We looked at 1424 posts in 7240K.

There were 371 different contributors. 185 posted more than once. 172 posted last week too.

The top posters of the week were:

1. Gang Scheduling In Linux

16 Jul 2002 - 22 Jul 2002 (16 posts) Archive Link: "Gang Scheduling in linux"

Topics: Scheduler

People: Ingo MolnarSam MasonHubertus FrankeRichard GoochWilliam Lee Irwin III

Someone asked if there was support for 'gang scheduling' in Linux, and if so, what its status was. Ingo Molnar replied:

yes - the 'synchronous wakeup' feature is a form of gang scheduling. It in essence uses real process-communication information to migrate 'related' tasks to the same CPU. So it's automatic, no need to declare processes to be part of a 'gang' in some formal (and thus fundamentally imperfect) way.

(another form of 'gang scheduling' can be achieved by binding the 'parent' process to a single CPU - all children will be bound to that CPU as well.)

William Lee Irwin III also gave a link to An Overview Of Gang Scheduling in PDF format. Ingo also added, "the Linux scheduler does not enable classic gang-scheduling: where multiple processes are scheduled 'at once' on multiple CPUs," though he wasn't sure there was any real-world case that could benefit from it. Sam Mason replied, "It's mainly used for programs that needs lots of processing power chucked at a specific problem, the problem is first broken down into several small pieces and each part is sent off to a different processor. When each piece has been processed, they are all recombined and the rest of the calculation is continued. The problem with this is that if any one of the pieces is delayed, all the processors will be idle waiting for the interrupted piece to be processed, before they can process the next set of pieces." A bit later, he added, "The important thing to remember is that this isn't a normal scheduling method, it's used for VERY specialised software which is assumed to have (almost) complete control of the machine. Gang scheduled processes would have the highest priority possible and would get executed before any other processes. This works because the software knows what it's doing and assumes that the user only ran one bit of gang scheduled software, if all of these are valid assumptions everything should work nicely."

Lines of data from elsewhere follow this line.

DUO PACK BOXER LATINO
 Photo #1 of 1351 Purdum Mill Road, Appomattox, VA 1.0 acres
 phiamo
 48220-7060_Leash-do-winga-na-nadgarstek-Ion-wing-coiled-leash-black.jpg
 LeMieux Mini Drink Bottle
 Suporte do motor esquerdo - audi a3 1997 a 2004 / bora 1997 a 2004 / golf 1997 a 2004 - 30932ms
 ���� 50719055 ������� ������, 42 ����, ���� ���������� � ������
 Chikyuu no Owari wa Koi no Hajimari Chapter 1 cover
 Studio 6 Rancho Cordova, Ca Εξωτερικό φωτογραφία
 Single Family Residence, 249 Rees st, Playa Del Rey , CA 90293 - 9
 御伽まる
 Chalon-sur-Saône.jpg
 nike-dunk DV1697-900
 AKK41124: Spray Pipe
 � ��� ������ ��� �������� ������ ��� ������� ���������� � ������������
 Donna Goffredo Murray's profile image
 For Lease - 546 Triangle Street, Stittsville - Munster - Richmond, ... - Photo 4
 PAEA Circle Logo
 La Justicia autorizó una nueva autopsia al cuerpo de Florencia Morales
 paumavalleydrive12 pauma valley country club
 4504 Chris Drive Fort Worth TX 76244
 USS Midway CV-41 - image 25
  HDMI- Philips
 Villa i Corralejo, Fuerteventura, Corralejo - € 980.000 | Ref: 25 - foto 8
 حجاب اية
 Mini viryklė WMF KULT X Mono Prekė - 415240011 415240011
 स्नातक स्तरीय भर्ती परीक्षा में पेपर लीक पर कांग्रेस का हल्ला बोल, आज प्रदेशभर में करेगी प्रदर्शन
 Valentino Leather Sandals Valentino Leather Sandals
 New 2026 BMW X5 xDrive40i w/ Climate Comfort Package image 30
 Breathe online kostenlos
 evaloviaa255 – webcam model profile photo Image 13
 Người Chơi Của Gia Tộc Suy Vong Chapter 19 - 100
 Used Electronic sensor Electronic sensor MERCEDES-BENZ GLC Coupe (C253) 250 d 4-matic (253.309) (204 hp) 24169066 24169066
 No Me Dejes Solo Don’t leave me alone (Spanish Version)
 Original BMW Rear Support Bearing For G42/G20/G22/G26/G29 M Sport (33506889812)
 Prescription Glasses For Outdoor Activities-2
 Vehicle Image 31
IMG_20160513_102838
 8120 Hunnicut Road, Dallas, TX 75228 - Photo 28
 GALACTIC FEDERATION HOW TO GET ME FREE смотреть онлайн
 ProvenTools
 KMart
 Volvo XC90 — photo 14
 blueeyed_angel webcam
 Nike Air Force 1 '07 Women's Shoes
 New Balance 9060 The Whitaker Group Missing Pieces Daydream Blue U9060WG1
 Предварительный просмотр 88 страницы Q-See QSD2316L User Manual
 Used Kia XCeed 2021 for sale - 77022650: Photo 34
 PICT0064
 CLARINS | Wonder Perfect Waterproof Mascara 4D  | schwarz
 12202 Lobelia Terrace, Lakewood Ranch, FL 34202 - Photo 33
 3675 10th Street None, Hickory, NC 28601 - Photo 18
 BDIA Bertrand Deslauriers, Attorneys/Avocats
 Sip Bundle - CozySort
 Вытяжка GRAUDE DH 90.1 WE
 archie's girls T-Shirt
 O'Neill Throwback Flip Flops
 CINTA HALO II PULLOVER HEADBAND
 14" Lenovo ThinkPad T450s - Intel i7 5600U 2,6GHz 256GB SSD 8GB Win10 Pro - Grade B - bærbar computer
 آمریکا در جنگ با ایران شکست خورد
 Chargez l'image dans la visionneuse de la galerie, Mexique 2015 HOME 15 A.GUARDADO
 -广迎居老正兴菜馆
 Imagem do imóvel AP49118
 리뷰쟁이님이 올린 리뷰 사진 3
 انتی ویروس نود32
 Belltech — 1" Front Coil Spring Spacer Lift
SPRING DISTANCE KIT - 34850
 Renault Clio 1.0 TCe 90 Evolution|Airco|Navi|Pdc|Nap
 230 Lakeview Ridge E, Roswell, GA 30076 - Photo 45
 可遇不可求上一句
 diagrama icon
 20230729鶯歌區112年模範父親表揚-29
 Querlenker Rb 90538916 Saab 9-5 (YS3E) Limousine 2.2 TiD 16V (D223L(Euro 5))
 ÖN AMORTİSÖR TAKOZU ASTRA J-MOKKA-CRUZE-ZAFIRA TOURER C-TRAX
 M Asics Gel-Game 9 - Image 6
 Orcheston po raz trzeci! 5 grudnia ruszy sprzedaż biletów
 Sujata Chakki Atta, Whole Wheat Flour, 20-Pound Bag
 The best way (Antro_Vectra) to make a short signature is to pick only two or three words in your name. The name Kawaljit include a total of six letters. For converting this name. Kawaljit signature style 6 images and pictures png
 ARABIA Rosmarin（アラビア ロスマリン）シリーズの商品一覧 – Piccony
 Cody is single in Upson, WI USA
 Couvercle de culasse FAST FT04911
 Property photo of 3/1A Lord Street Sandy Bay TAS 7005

Hubertus Franke from IBM also said to Ingo:

I was involved in the gangscheduler implementation for the IBM 340 node SP2 cluster at Lawrence Livermore National Lab. Implementation aside, one can show that the total system utilization can be raised from ~60% to a ~90% when doing gang scheduling rather than FIFO scheduling, which one would otherwise do to get a dedicated machine. We got tons of papers on this.

For this it seems sufficient to simply STOP apps on a larger granularity and have that done through a user level daemon. The kernel scheduler simply schedules the runnable threads that given the U-Sched would always amount to a limited number of threads/tasks.

This made sense to Ingo, and the two of them began to talk about implementation, when Richard Gooch came in with, "A completely user-level solution may have some disadvantages, though, such as delays in scheduling on/off (say if some daemon is used to scan the process list). Perhaps we could add a small hack to the scheduler such that when a task is about to be scheduled off, a signal can be sent to a designated pid? Similarly, when a task is scheduled on, another signal may be sent. An application that wanted to have gang scheduling could then make use of this to STOP/CONT threads." Hubertus replied:

I am glad you brought this up. I'd love to have a generic callback for this. AIX used/has a process change handler that is being called on start/exit.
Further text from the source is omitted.